Only if you can truthfully answer “Yes” to all those questions should you invest.
What we do
Being a Funding Portal isn’t the same as being a registered “broker-dealer.” We are not a registered broker-dealer.
When you invest, you are not investing in us or in any entity affiliated with us, you are purchasing an interest in a security being offered via Reg CF by a company that has chosen to raise money using our funding portal.
As an intermediary we do not guarantee any particular outcome and are not responsible for what happens to your investment – all investments are undertaken at your own risk. We also do not guarantee the accuracy of the information you receive from issuers. Our job is to facilitate investments by providing a platform that brings together companies and investors.

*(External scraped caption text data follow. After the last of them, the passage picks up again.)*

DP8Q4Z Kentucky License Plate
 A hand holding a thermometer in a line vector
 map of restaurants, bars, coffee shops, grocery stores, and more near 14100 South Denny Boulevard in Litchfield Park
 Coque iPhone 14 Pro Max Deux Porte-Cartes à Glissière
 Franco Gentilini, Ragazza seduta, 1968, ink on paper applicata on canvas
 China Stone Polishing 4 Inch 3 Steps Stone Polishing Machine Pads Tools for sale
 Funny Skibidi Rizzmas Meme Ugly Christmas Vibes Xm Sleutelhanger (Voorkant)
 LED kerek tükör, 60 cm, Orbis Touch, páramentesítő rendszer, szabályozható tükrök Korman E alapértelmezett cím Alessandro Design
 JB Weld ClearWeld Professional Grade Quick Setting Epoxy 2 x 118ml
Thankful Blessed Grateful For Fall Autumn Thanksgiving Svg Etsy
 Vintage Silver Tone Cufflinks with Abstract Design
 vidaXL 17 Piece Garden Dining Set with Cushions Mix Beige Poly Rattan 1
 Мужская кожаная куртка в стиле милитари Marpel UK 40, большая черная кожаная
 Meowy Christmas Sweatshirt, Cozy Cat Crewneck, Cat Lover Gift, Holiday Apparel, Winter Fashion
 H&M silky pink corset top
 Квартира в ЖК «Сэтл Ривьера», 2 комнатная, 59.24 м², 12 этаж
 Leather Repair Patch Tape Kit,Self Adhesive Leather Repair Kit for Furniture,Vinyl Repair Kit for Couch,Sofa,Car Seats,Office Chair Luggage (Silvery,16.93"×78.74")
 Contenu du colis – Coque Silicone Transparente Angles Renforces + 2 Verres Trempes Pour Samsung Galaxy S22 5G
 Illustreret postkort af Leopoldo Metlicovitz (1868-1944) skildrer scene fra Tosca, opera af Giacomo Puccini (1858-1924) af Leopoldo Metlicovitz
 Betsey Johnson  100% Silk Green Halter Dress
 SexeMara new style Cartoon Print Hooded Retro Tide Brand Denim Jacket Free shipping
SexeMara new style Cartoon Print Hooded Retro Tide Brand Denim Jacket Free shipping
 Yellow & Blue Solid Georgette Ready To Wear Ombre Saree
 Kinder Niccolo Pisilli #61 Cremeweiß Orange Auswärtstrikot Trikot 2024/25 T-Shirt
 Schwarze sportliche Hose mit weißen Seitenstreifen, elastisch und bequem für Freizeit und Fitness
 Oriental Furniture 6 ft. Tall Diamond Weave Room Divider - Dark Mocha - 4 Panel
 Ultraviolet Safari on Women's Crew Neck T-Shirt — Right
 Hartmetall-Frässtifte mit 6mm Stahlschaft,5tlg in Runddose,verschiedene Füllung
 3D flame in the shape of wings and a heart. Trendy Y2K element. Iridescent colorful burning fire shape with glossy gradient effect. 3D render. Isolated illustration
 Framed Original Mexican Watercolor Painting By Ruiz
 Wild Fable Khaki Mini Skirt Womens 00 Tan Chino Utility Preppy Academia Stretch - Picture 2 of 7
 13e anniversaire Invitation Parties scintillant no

- Select which Issuers to list on our platform, by among other things:
*Conducting background checks on the issuer and its principals
*Conducting due diligence to have a reasonable basis for believing the issuer is complying with all its obligations
*Conducting due diligence to have a reasonable basis for believing the issuer has established a means to keep accurate records of the holders of its securities
- Advise Issuers about their offerings, and help prepare offering documents
- Screen investors to ensure that they satisfy applicable per-investor limits (discussed below)
- Provide communication channels between you and the Issuer, and between you and other potential investors, where you can ask questions and exchange information
- Provide search functions or other tools for investors
- Provide you with educational materials to help you assess the risks of investing (e.g., this document)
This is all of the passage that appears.